It took me awhile to track down the transcript of oral arguments from Melendez-Diaz v. Massachusetts and it’s 76 pages, so frankly I’m busy and I’m going to read it later, but sometimes (perhaps frequently?) I come across someone’s commentary on a subject that I completely agree with.
In this case, I even envy the headline “You have the right to confront your accuser, as long as it’s not too inconvenient”:
[Monday], the US Supreme Court heard arguments in a case that I think ought to be a no-brainer. The issue is this: in a criminal prosecution, can the state present a certified lab report as evidence without bringing in the person who prepared that report to testify? I frankly don’t understand why this is even a question.
The 6th Amendment protects the right of criminal defendants to confront their accusers. It’s obvious that an eyewitness who will testify he saw you commit the crime is an accuser as is the police officer who found the baggie of white powder in your coat pocket. But what about the lab tech who tested that white powder and decided it was cocaine? Well, isn’t the person who says the stuff you [possessed was marijuana/cocaine/whatever] just as much of an accuser as the person who says you [possessed] it? Like I said, it seems pretty obvious to me.

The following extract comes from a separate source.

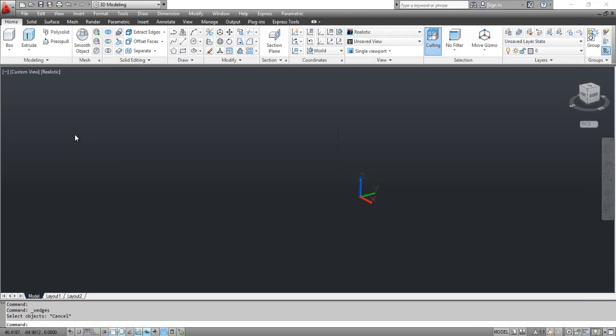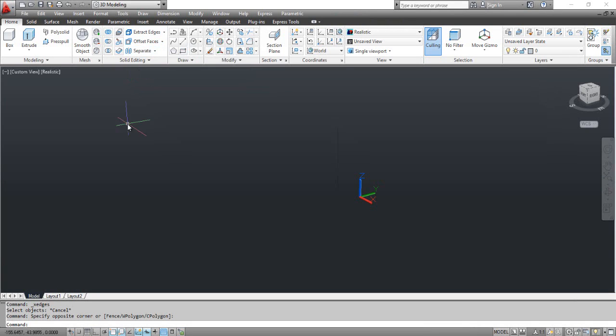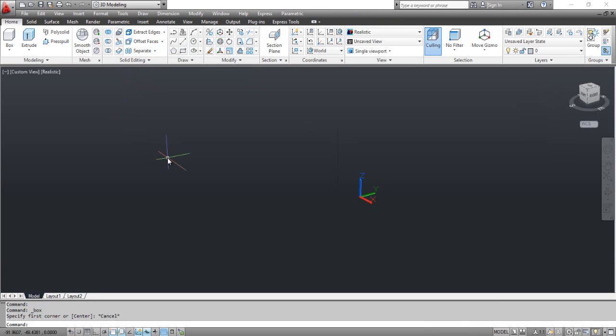You can select the Extract Edges tool from the dashboard, or click the Modify menu, select 3D Operations, and select Extract Edges.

At the oral argument, the tack the state of Massachusetts took was that it would be an undue burden on the state to have to bring these witnesses to court in every case. Huh? It would be too inconvenient for the state to bother with each and every defendant’s confrontation clause right? Those who observed the argument don’t seem to think that a majority of the court will go for the state’s argument, but I’m perturbed that the argument wasn’t laughed out of court. The 6th Amendment does not contain a convenience exception.
Read the whole post. It’s excellent. Sarah says she is “confident that the Court will conclude that a decision in favor of the defendant in this case won’t unduly burden the 50 states”. I hope so, but I’m not sure I share her optimism.